“Zhamanak” says that the May 14 municipal elections in Yerevan promise to be “more interesting that one would expect before the parliamentary elections.” “Only three political forces will participate in the mayoral election and only one of them will represent the government,” writes the paper. “This is a really extraordinary and unprecedented situation.” It points to the “unexpected” decisions of Gagik Tsarukian’s Prosperous Armenia Party (BHK) and the Armenian Revolutionary Federation (Dashnaktsutyun) not to join the mayoral race.
“Right now it is hard to tell whether they thereby helped the [ruling] HHK or put it in a more difficult situation,” continues “Zhamanak.” “The BHK is not entering the fray this time around. That means this time there will be no buffer that has covered the authorities in Yerevan elections as well.” The paper says that Tsarukian may thus be showing his frustration with the HHK.
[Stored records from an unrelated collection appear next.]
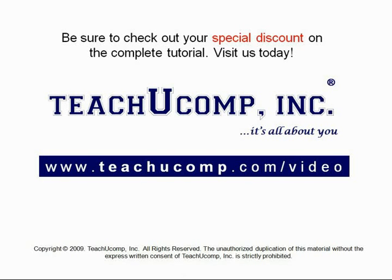Get your special discount offer on the complete tutorial at www.teachyoucomp.com slash video.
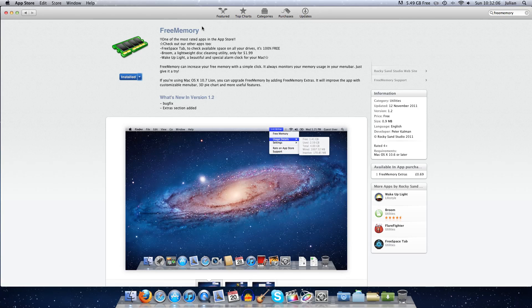I'm going to show you how to free up RAM on your Mac using a program called Free Memory. This is on the Mac App Store, it's a free program as the name would suggest.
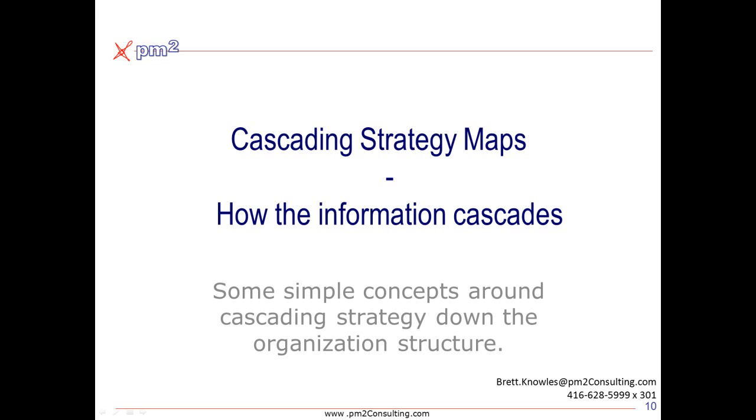Hello, I'm Brett Knowles from PM2. This short vignette provides a quick overview of how information changes inside the organization as strategy cascades from the corporate level down to the lowest level in the organization.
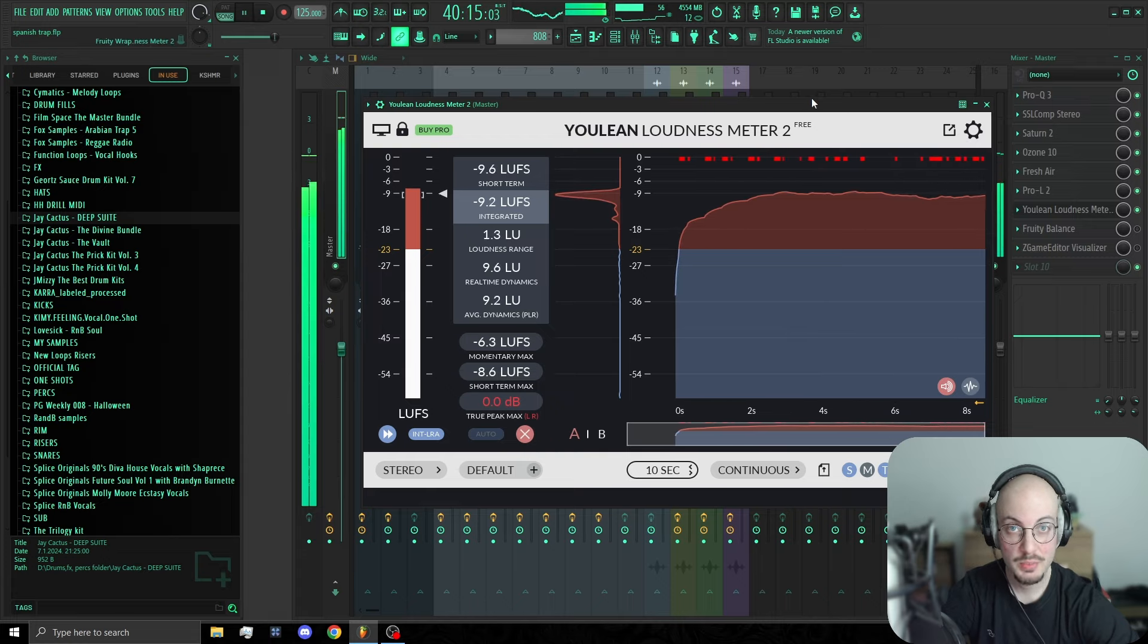So yeah guys, this was the Beat Breakdown video. I didn't go fully into the details of mixing and mastering, but if you want me to, comment down below. If you have any other suggestions, should I do another Beat Breakdown, do you want me to do a cook up, mixing and mastering tutorial, comment down below as well. And yeah, until next time, peace out.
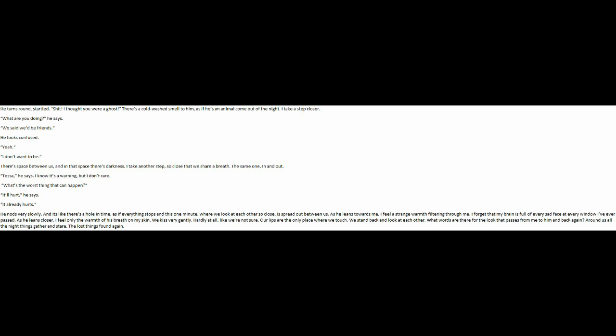We stand back and look at each other. What words are there for the look that passes from me to him and back again? Around us, all the night things gather and stare. The lost things found again.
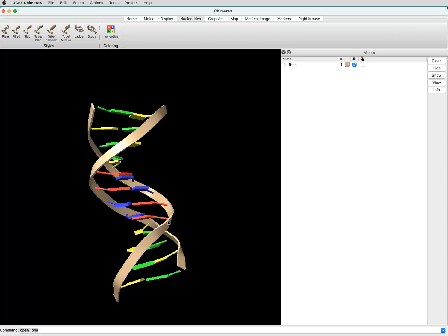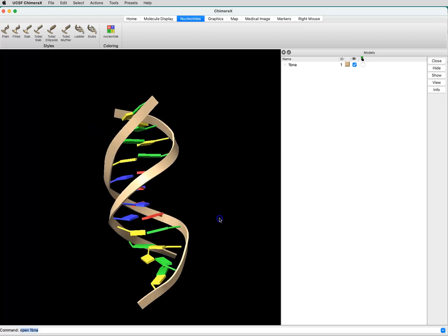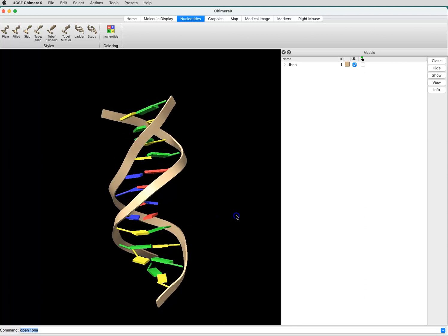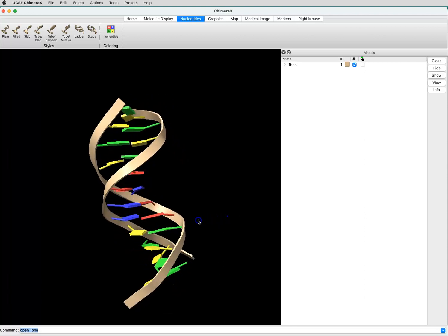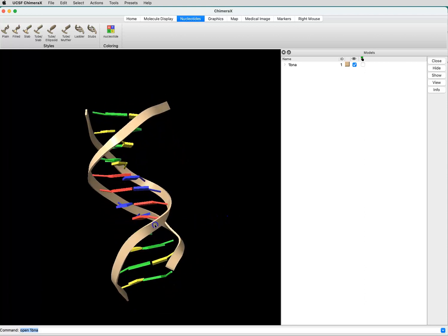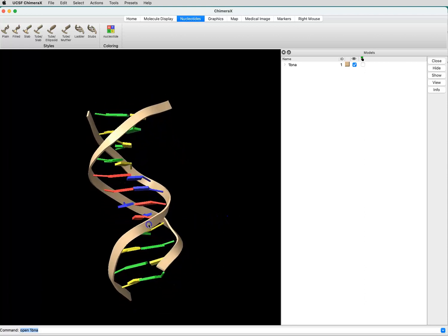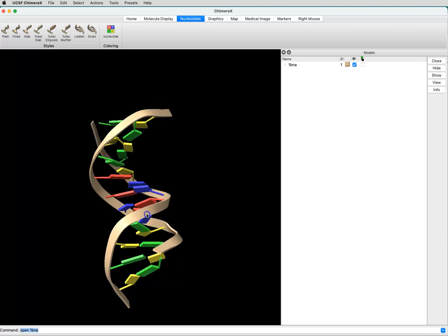When I open up a molecule in Chimera X, it defaults to this ribbon representation, which isn't helpful when we're trying to make measurements and we need to be able to click on actual atoms.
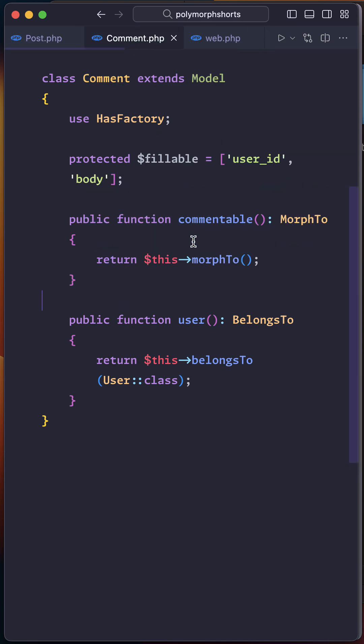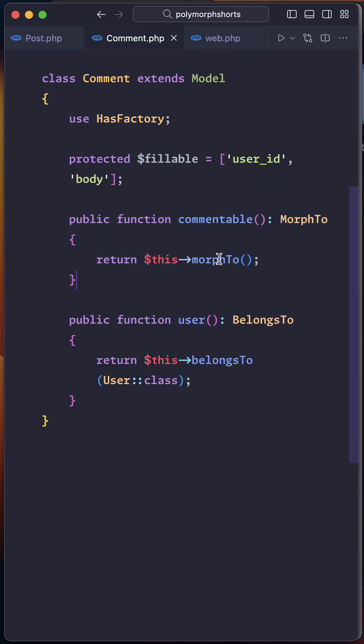Then finally, in the comment model, we need to define the commentable function implementing the morph to relationship to associate this model to the post and video models.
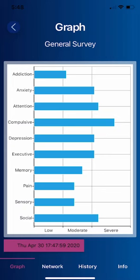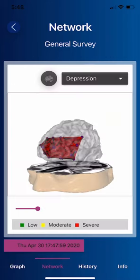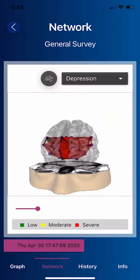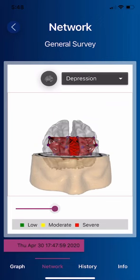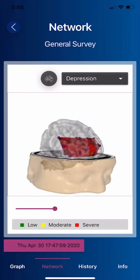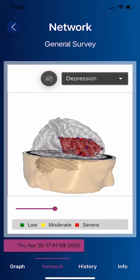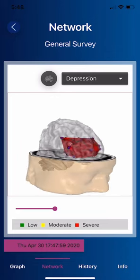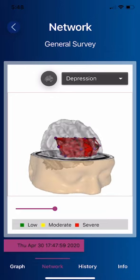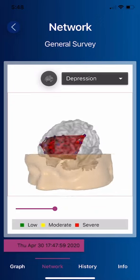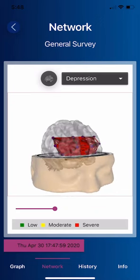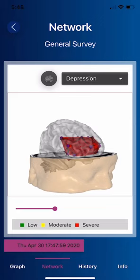For example, here's the depression network. This allows you to evaluate that network. All of these networks are based upon PET scans, functional MRI, SPECT scans, EEG, and MEG as published in the National Library of Medicine, developed over several decades at the National Institutes of Health.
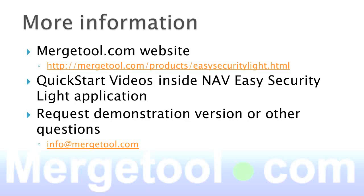If you want more information, there's a lot more on the MerchTool.com site on the Easy Security Lite page. If you download the Easy Security Lite application and run it in a Cronus environment, there are several places where the help button is actually launching some quick start videos showing how to use a certain process inside the product. You can also request a demonstration version or ask other questions by sending an email to info@merchtool.com.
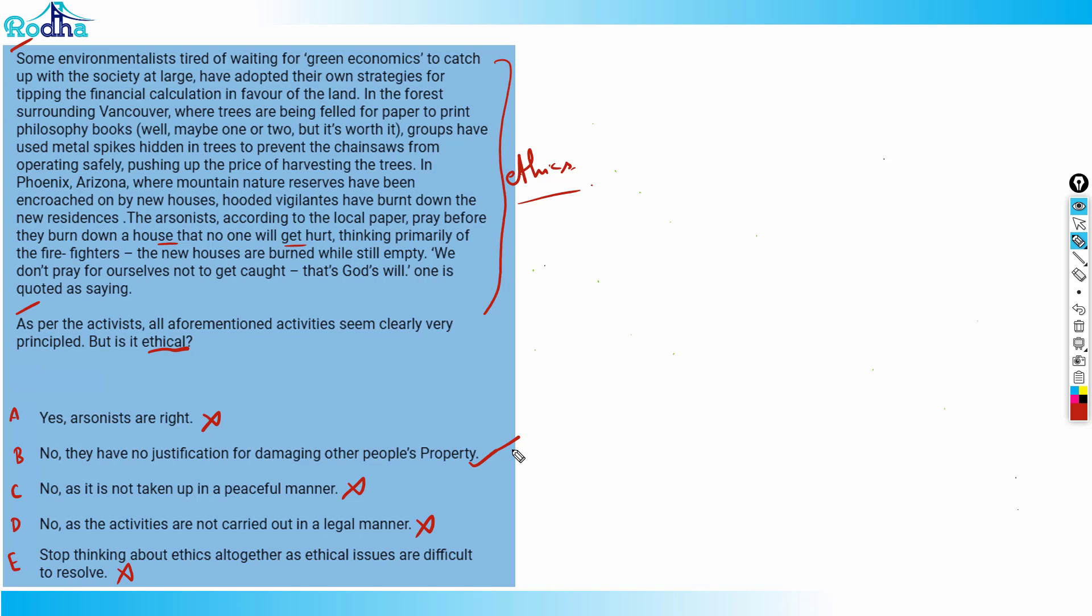So only option B is correct, that's why you eliminate all the options and analyze all the options and mark your correct answer. Even if you're confused, try to analyze each and every option. So let's look at the next question here.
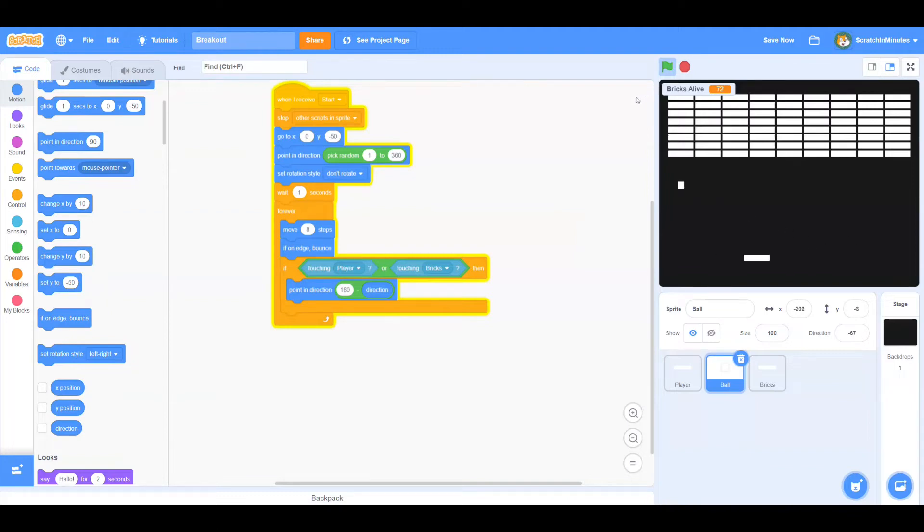Hello and welcome to part 2 of making Breakout in Scratch. Let's get started.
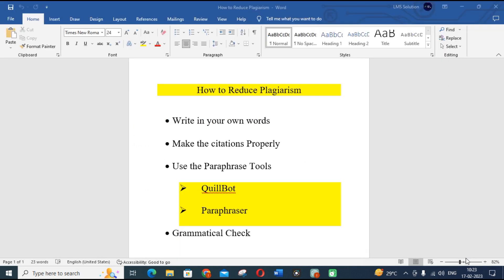Here are some important tips on how to reduce plagiarism. First, write in your own words — just try to write your content in your own words, whether it is grammatically correct or not. Second, make citations properly whenever using content in your research article. The main paraphrasing tools we are going to discuss today are Quillbot and Paraphraser.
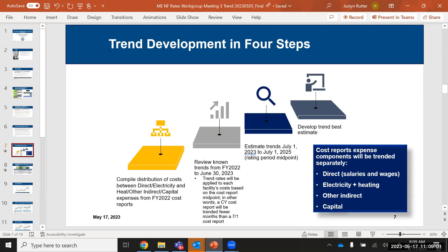Using the FY2022 cost reports, we're going to take the underlying costs and segment them into four buckets: direct expenses, electricity and heat — separated out because that's a concern you all voiced heavily — other indirect expenses excluding electricity and heat, and capital expenses. We're going to break out these four separate buckets and trend each of those pieces forward.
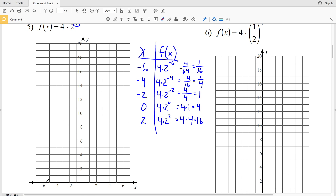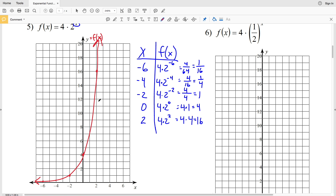Plotting those points: at x = -6, f(x) = 1/16, just above the x-axis; at x = -4, f(x) = 1/4; at x = -2, f(x) = 1; at x = 0, f(x) = 4; and at x = 2, f(x) = 16. Connecting those dots gives a curved exponential line — as x decreases we approach the x-axis, and as x increases the y values grow exponentially.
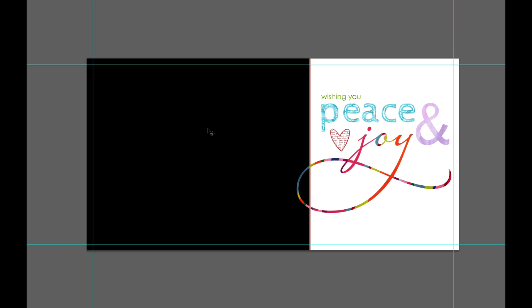Hey there, everybody! Happy holidays and thanks for stopping by. I'm just going to show you in this tutorial how to use the templates that I made. This process is going to be the same whether you are using Photoshop Elements or Photoshop CS.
“Aravot” reports that several parliamentary election candidates that failed to win seats in the new National Assembly have decided to stop their supposedly benevolent activities that amounted to vote buying. The paper says that material assistance provided by them to rural communities and individual voters is not really benevolence.
“Hraparak” complains that Armenian politicians and media have not marked the 25th anniversary of a massacre of Armenian civilians in Maragha, a village in Nagorno-Karabakh captured by Azerbaijani forces in 1992. “Why have the human rights ombudsmen of Armenia and Artsakh, people considering themselves human rights activists, and politicians stayed silent?” the paper asks.
“Armenia’s sovereign debt has reached the $6 billion mark,” writes “Zhoghovurd.” “The lion’s share of that debt, $4.3 billion, is the Armenian government’s foreign debt. It has to be noted that Armenia’s state debt has surpassed 50 percent of GDP, an indicator which is considered dangerous and heralds an imminent advent of default.”
Citing government data, “Haykakan Zhamanak” reports that the number of real estate transactions in Armenia dropped by over 23 percent year on year in January-February 2017. The paper says that despite this decrease, housing prices in the country remained largely unchanged in this period.